§ WORK TASK
In the entries below, find the line with "West themed designs" and the line with "Florence Women Maroon". Reproduce those two lines and every line between them exactly, and nothing more.

§ RECORDS FOR PROCESSING
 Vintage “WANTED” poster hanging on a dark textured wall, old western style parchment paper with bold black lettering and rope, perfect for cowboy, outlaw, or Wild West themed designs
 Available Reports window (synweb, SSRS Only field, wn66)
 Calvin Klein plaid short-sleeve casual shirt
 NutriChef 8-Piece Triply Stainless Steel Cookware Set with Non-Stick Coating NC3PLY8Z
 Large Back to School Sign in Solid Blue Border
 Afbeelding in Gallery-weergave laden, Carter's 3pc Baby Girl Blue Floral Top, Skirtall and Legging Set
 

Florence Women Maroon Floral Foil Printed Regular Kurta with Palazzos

...

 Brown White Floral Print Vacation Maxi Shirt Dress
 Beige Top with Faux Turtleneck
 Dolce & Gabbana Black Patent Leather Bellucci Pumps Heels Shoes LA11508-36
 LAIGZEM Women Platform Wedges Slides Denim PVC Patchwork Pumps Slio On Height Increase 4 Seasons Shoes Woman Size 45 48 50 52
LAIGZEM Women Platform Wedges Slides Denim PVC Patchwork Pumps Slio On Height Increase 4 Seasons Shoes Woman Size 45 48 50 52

--

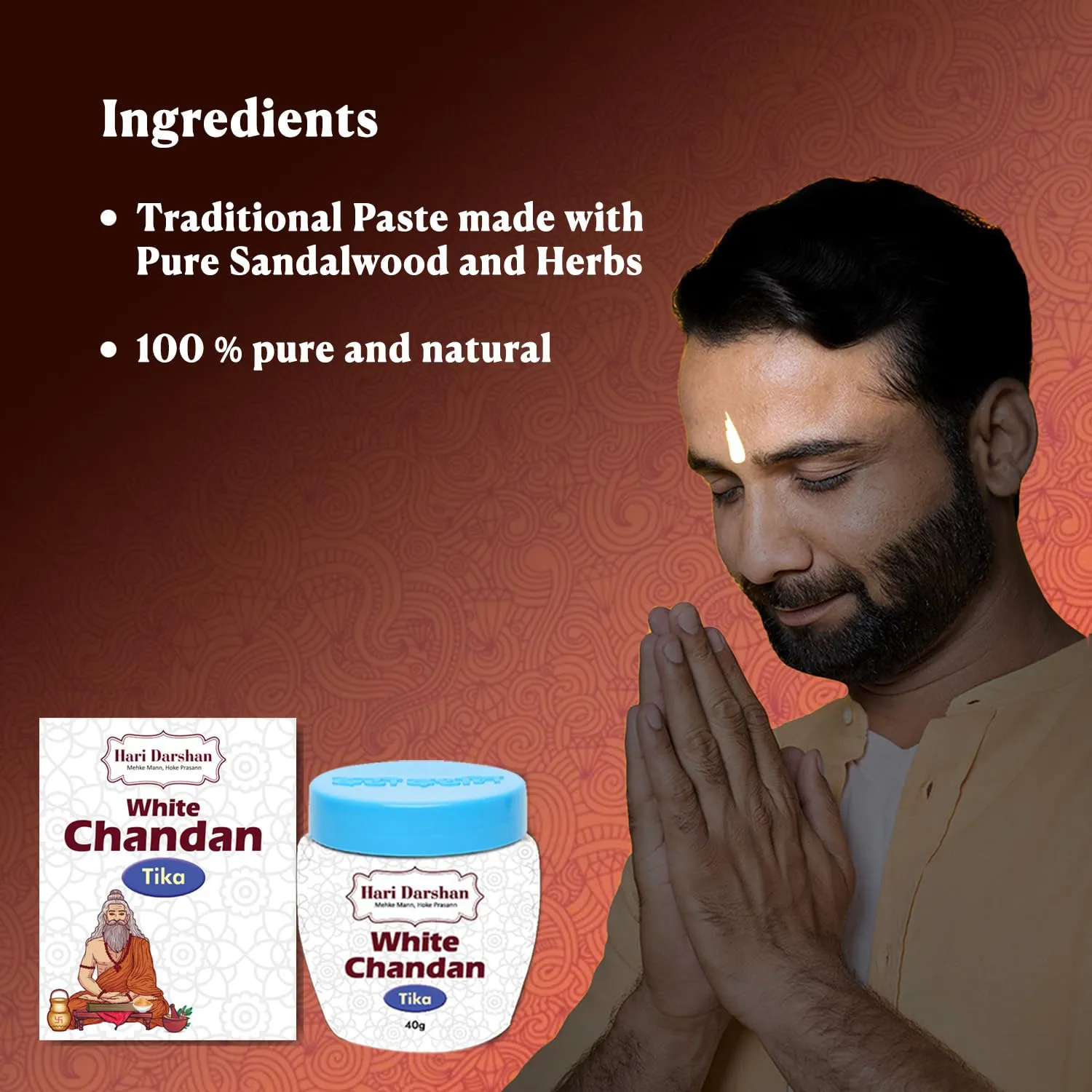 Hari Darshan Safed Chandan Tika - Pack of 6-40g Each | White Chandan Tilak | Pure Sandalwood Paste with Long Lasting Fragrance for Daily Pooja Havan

§ YOUR RESPONSE
 Vintage “WANTED” poster hanging on a dark textured wall, old western style parchment paper with bold black lettering and rope, perfect for cowboy, outlaw, or Wild West themed designs
 Available Reports window (synweb, SSRS Only field, wn66)
 Calvin Klein plaid short-sleeve casual shirt
 NutriChef 8-Piece Triply Stainless Steel Cookware Set with Non-Stick Coating NC3PLY8Z
 Large Back to School Sign in Solid Blue Border
 Afbeelding in Gallery-weergave laden, Carter's 3pc Baby Girl Blue Floral Top, Skirtall and Legging Set
 

Florence Women Maroon Floral Foil Printed Regular Kurta with Palazzos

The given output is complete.